Armando do Prado (Professor)

Para sua própria dignidade saia. Para tudo tem um tempo. O senhor e o outro Mello: descanso e leitura. O STF precisa de gente nova e com visão em linha com o século XXI, mas sem promotorite, como o hiperativo do Joca.

Fica!

Luís Eduardo (Advogado Autônomo)

Ministro Celso de Mello, sabemos que está difícil judicar no Supremo nos tempos atuais, mas por favor, para o bem da Constituição, e do povo, só se aposente com 70 anos. Fica Ministro!

Insubistituível

Marcos Alves Pintar (Advogado Autônomo - Previdenciária)

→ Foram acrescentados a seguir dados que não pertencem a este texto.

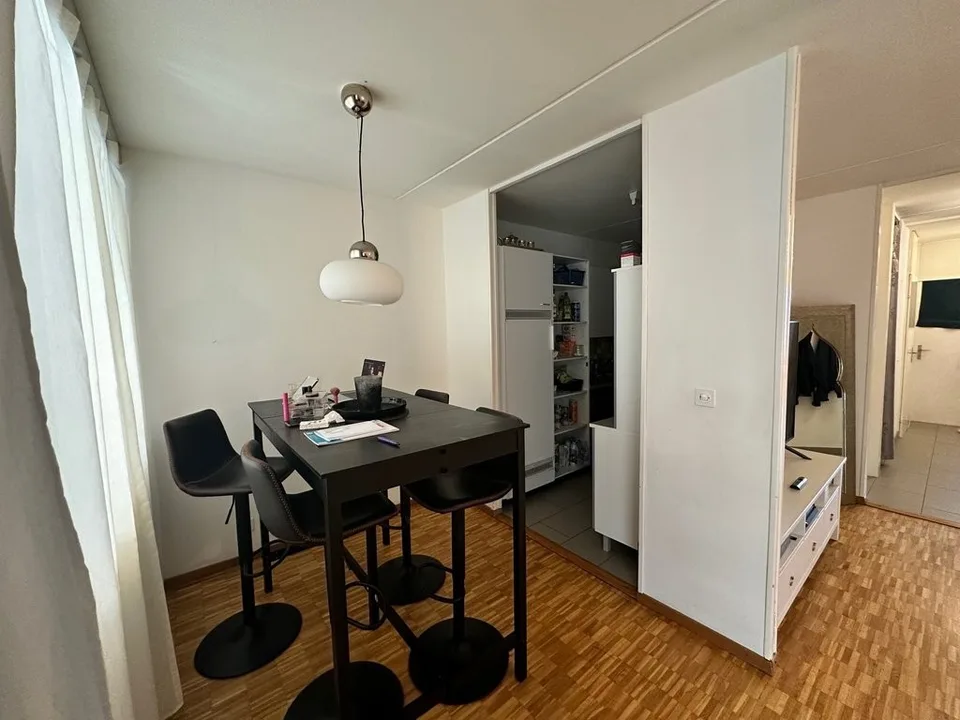 2 Zimmer Wohnung in Chavannes-près-Renens – Foto 2 von 8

O Ministro é certamente um dos maiores expoentes da Suprema Corte em toda sua história. Apesar de merecida sua aposentadoria, fica a certeza de que será insubstituível, em uma época na qual as garantias fundamentais vão sendo "relativizadas" por pseudojuristas cuja única habilidade é a de galgar cargos e favorecer quem os nomeou.